• [REQUIRED WORK] With the pictures excluded, reproduce all of the data exactly.

• [DATASET EXCERPT]

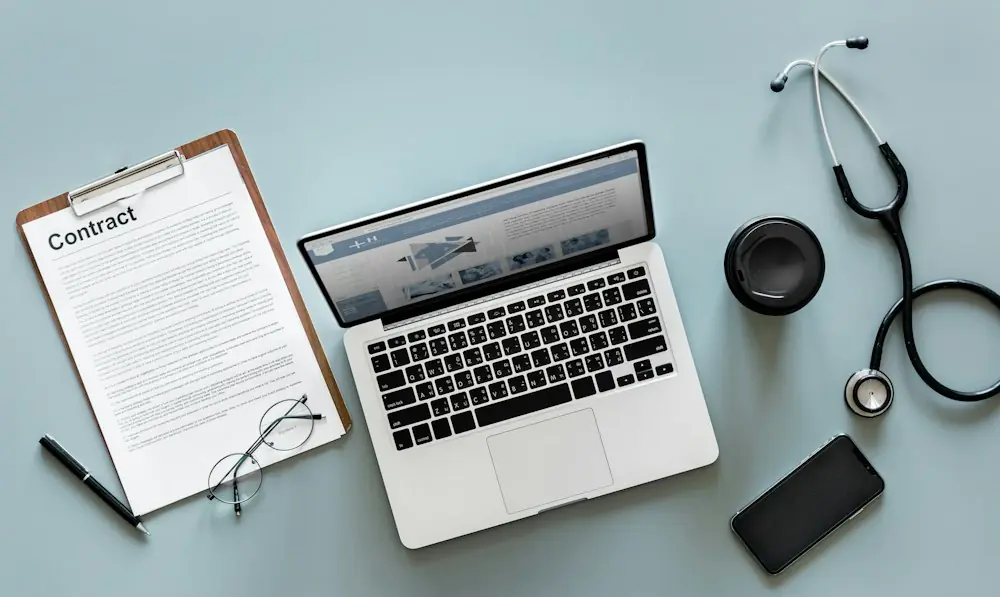 MacBook Pro near black stethoscope and brown clipboard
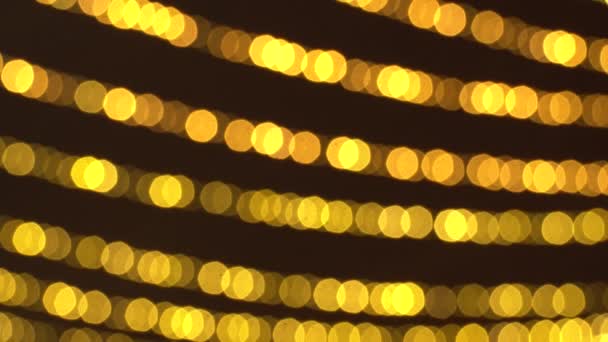 Bokeh de guirlandas cintilantes de Ano Novo borradas. Fundo de Natal bonito de luzes douradas quentes. 4K Ultra HD — Vídeo de Stock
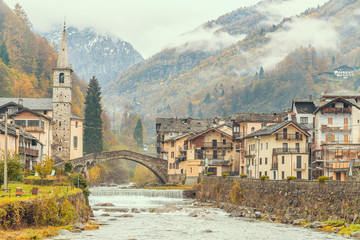 Fototapeta premium Fontainemore alpine village on the Lys river in a forest in the valley of Gressoney near Monte Rosa during autumn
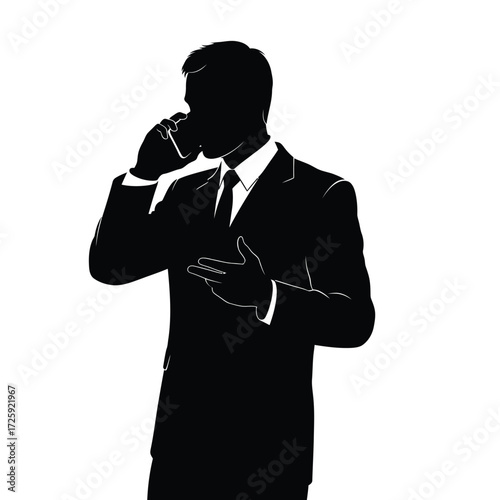 Sharp dressed man talking on phone a striking dark silhouette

• [RESPONSE AREA]
 MacBook Pro near black stethoscope and brown clipboard
 Bokeh de guirlandas cintilantes de Ano Novo borradas. Fundo de Natal bonito de luzes douradas quentes. 4K Ultra HD — Vídeo de Stock
 Fototapeta premium Fontainemore alpine village on the Lys river in a forest in the valley of Gressoney near Monte Rosa during autumn
 Sharp dressed man talking on phone a striking dark silhouette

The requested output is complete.